**ACTIVITY**
What is needed here is an exact printout of the data, with no pictures included.

**DATA EXCERPT**
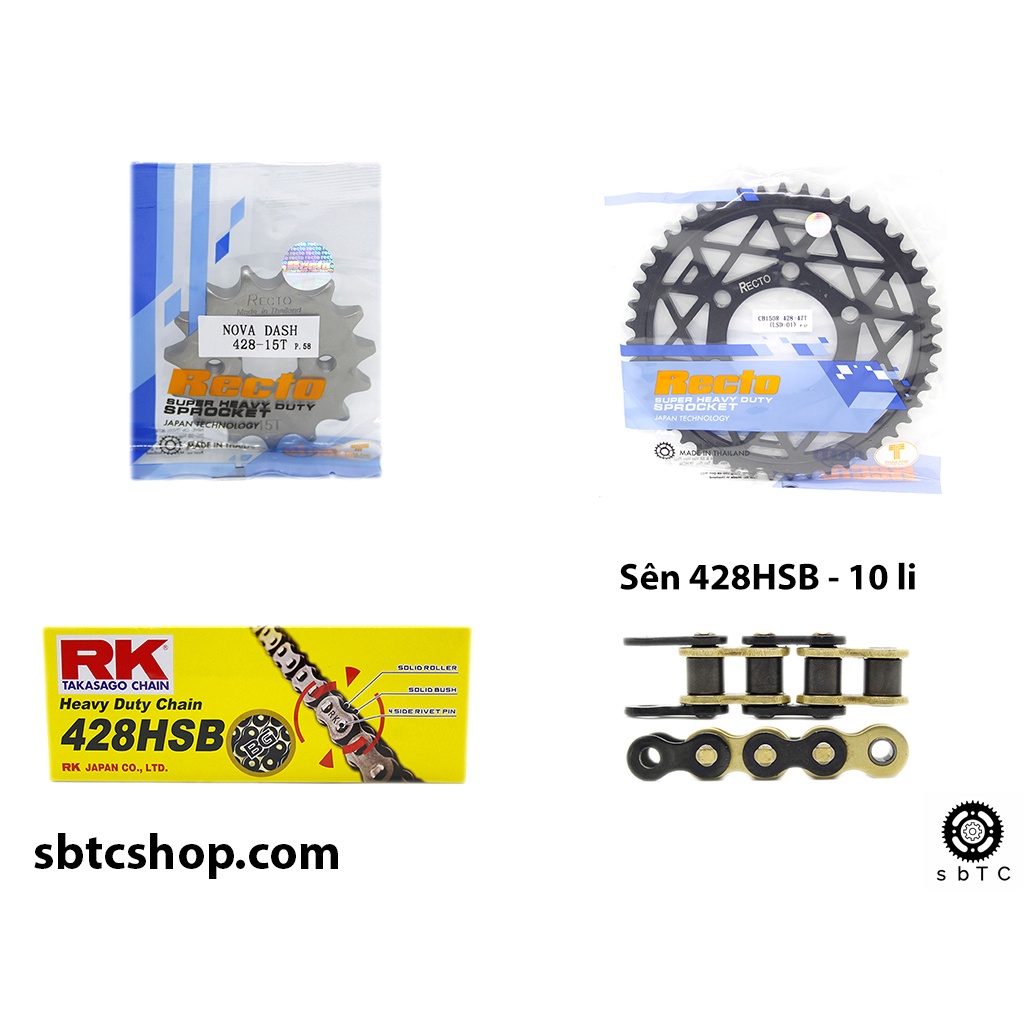 NSD Nhông dĩa RECTO sên RK đen vàng 428HSB CB150R 2019 CBR150R chính hãng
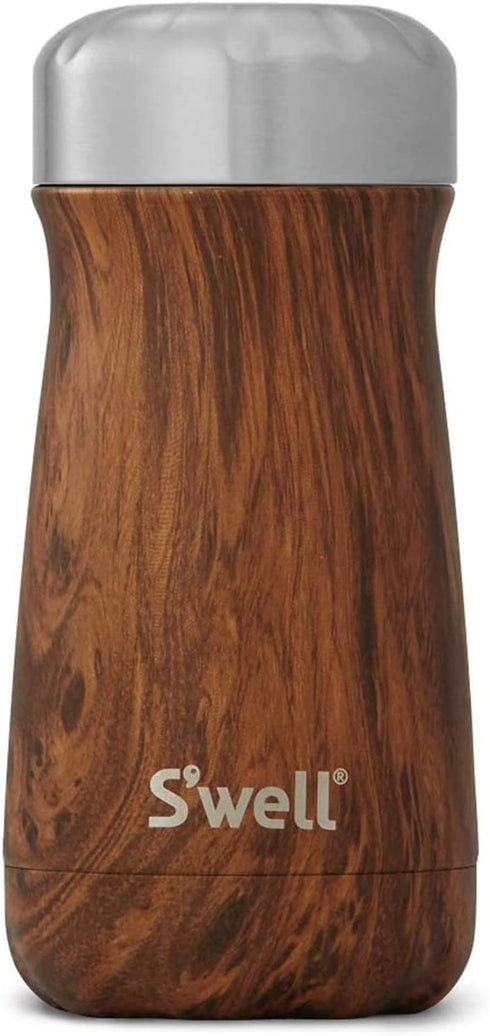 S'well Stainless Steel Traveler-12 Fl Oz Triple-Layered Vacuum-Insulated Travel Mug Keeps Coffee, Tea and Drinks Cold for 20 Hours and Hot for 9-BPA-Free Water Bottle, 12 oz, Teakwood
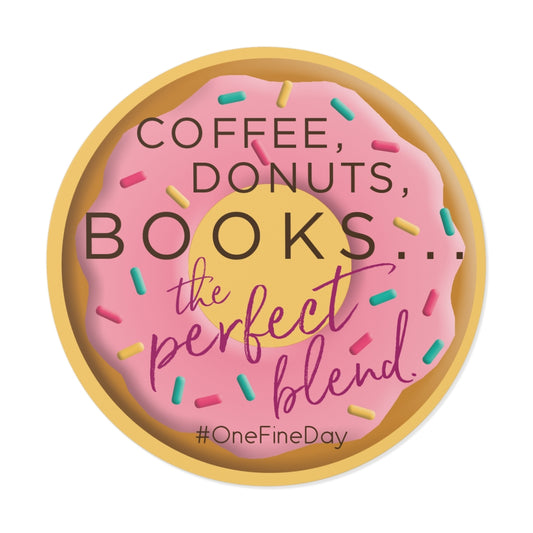 Hearts Bend "Coffee, donuts, books. . . the perfect blend." "Round Vinyl Sticker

**EXERCISE OUTPUT**
 NSD Nhông dĩa RECTO sên RK đen vàng 428HSB CB150R 2019 CBR150R chính hãng
 S'well Stainless Steel Traveler-12 Fl Oz Triple-Layered Vacuum-Insulated Travel Mug Keeps Coffee, Tea and Drinks Cold for 20 Hours and Hot for 9-BPA-Free Water Bottle, 12 oz, Teakwood
 Hearts Bend "Coffee, donuts, books. . . the perfect blend." "Round Vinyl Sticker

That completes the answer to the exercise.